Flop referendum cittadinanza: l’Italia non è pronta, denuncia AMSI e Uniti per Unire
Oltre il 62% dei cittadini stranieri deluso: “Promesse politiche solo da opposizione”
Le associazioni AMSI – Associazione Medici di Origine Straniera in Italia, UMEM – Unione Medica Euromediterranea, Co-mai – Comunità del Mondo Arabo in Italia e il Movimento Internazionale Uniti per Unire, esprimono rammarico e profonda delusione per l’esito del referendum consultivo sulla riforma della cittadinanza, definendolo “un flop conclamato.”
Parla il Prof. Foad Aodi, medico fisiatra, giornalista internazionale, esperto in salute globale, Direttore dell’Agenzia Britannica Internazionale AISC – Informazione Senza Confini, membro del Registro Esperti FNOMCeO, già quattro volte consigliere dell’OMCeO di Roma e docente presso l’Università di Tor Vergata: “Siamo profondamente rattristati per il fallimento di quella che sarebbe potuta essere una riforma epocale, al passo con le grandi democrazie europee.

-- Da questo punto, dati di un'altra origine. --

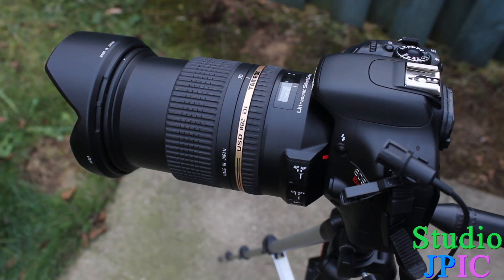Hi, this is JP LaForest from Studio JPEG. In this video I'll be doing an autofocus and vibration control noise test for the Tamron 24-70mm SP f2.8 lens, and I'll also be doing an AF speed test at the end of this.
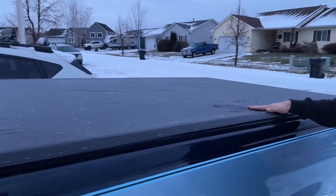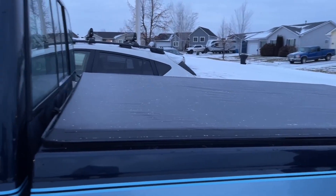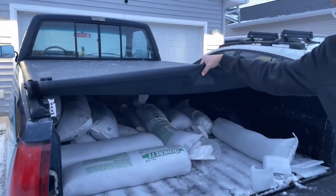I just got this tonic cover from Amazon. It's an eight-foot tonic cover for my single cab long bed truck. As you can see I just put it on — there's snow in the back — but it's just a simple release and fold.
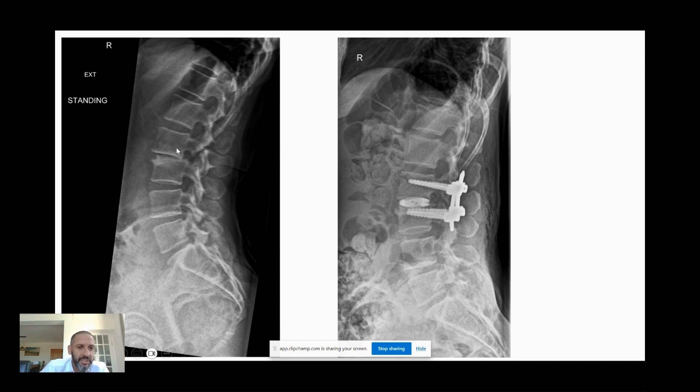There are other reasons as well. If you can prove a certain level is a pain generator — this is rare — but if you can prove that a certain disc is causing the pain and is a pain generator and there's no compression, that's another reason to do the procedure.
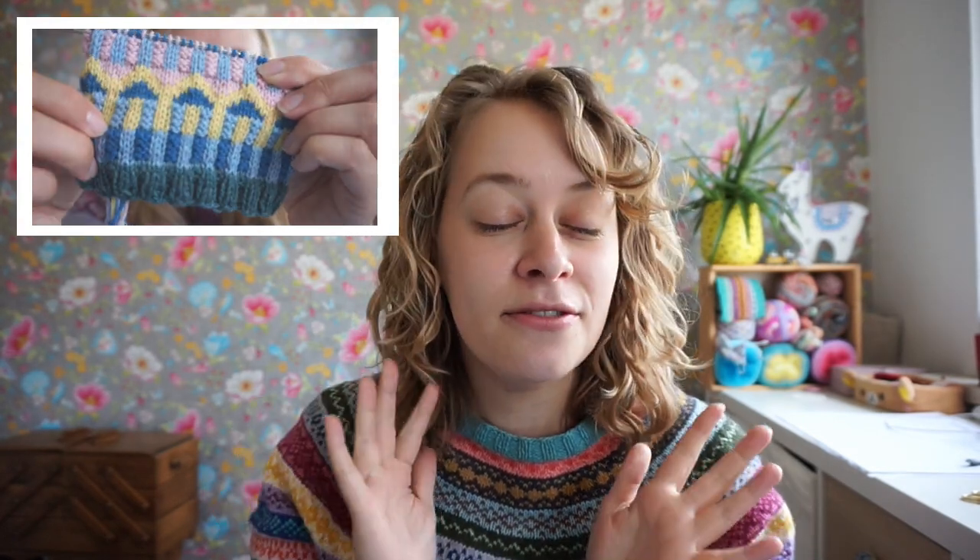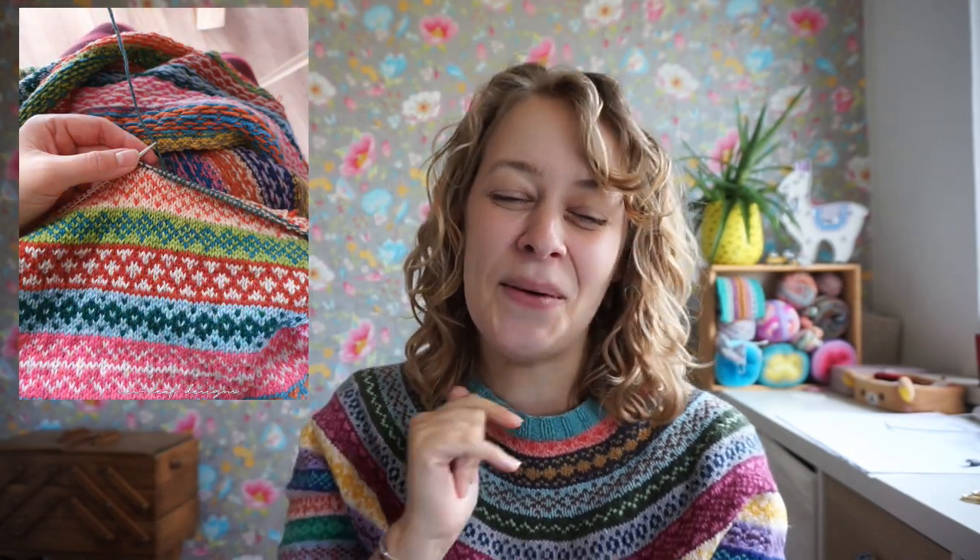I will teach you how to knit corrugated rib, which is a super fun technique — one of my favorites. I have a special trick for weaving in ends. I will show you how to fix mistakes in color work, because believe me, we've all been there. We all make mistakes, and in color work you just don't want to rip back, so I'm going to teach you how to fix a mistake without ripping back. And lastly, I'm going to show you how to knit a three-color color work, which is a little bit tricky even for me, as you will see in the video. But it's a very fun technique if you get the hang of it and you can make amazing things.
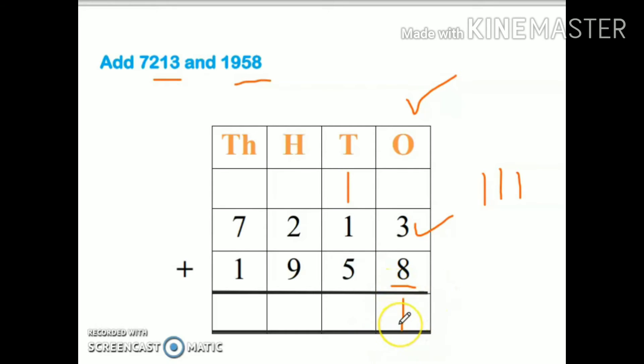This is just like one room and only one number can go here. The number which is at the tens place will go at the top. Now add five plus one — six, plus one more is seven, so my answer is seven. Again, nine plus two is eleven — one here, other one goes at the top. Now seven plus one is eight, plus one more is nine, so my answer is nine. Nine thousand one hundred seventy-one is my answer.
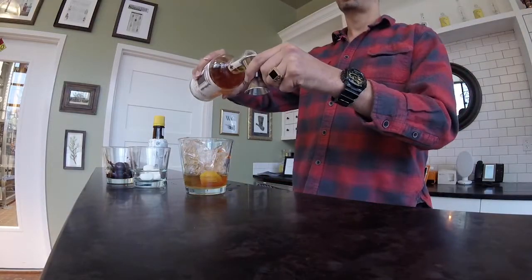Today we're going to be making an old-fashioned cocktail, and it falls into the original preparation of a cocktail being one part strong, one part weak, one part bitter, and one part sweet.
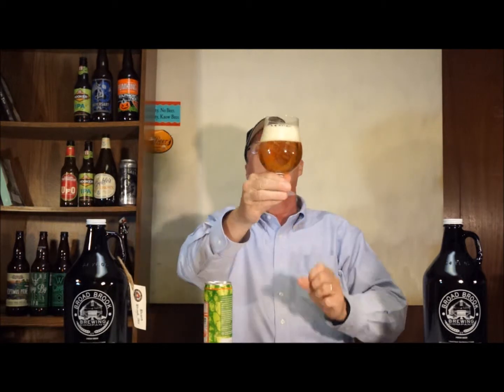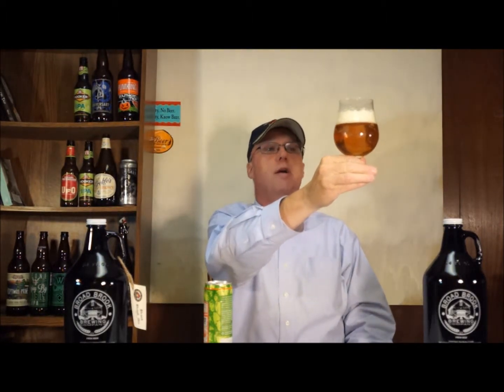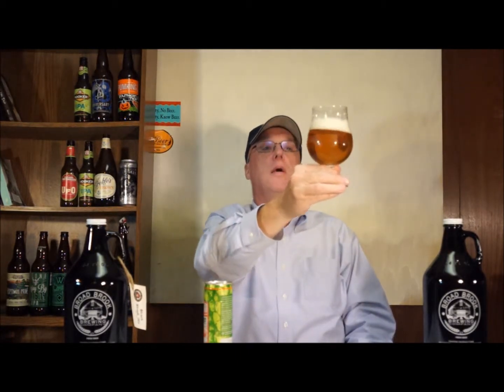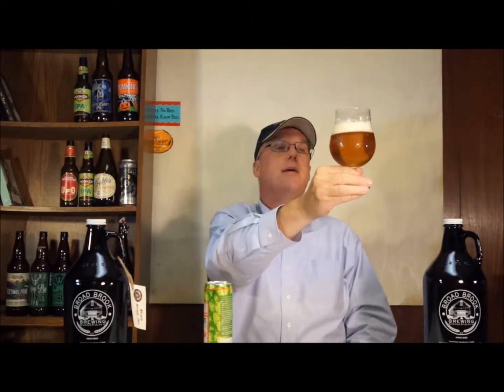I'm getting floral hints coming up from this already. It's a fairly interesting color — it's super clear, you can practically read a newspaper through it. I wouldn't call it red, orange, or yellow; maybe amber. It had quite a bit of nice white fluffy head on it, though it's dissipating now. It's a real low ABV at 4.7%, so it should be a good session beer. They come in little 12-ounce six packs.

Il nostro Paese dimostra ancora una volta di non essere pronto ad accogliere pienamente le nuove generazioni di italiani di fatto, figli di migranti che vivono, studiano, lavorano e contribuiscono ogni giorno alla nostra società.”
Il flop del referendum sulla cittadinanza – prosegue Aodi – non è solo una questione numerica. È lo specchio di un Paese spaccato e spaventato.
A differenza degli altri quesiti referendari, il quesito sulla cittadinanza ha mostrato una debolezza strutturale. Non solo il quorum è stato ampiamente mancato, ma i “sì” si sono fermati al 65%, con un preoccupante 35% di “no”. Percentuali decisamente inferiori rispetto agli altri quesiti, dove i “sì” hanno raggiunto anche il 90%.
Nelle grandi città si sono registrati i dati più confortanti: Roma (72%), Milano (74%), Torino (70%) e Napoli (76%). In contesti urbani e centrali la sensibilità verso il tema è rimasta alta, ma il divario con le periferie e le province resta ampio, a conferma di un Paese diviso anche culturalmente.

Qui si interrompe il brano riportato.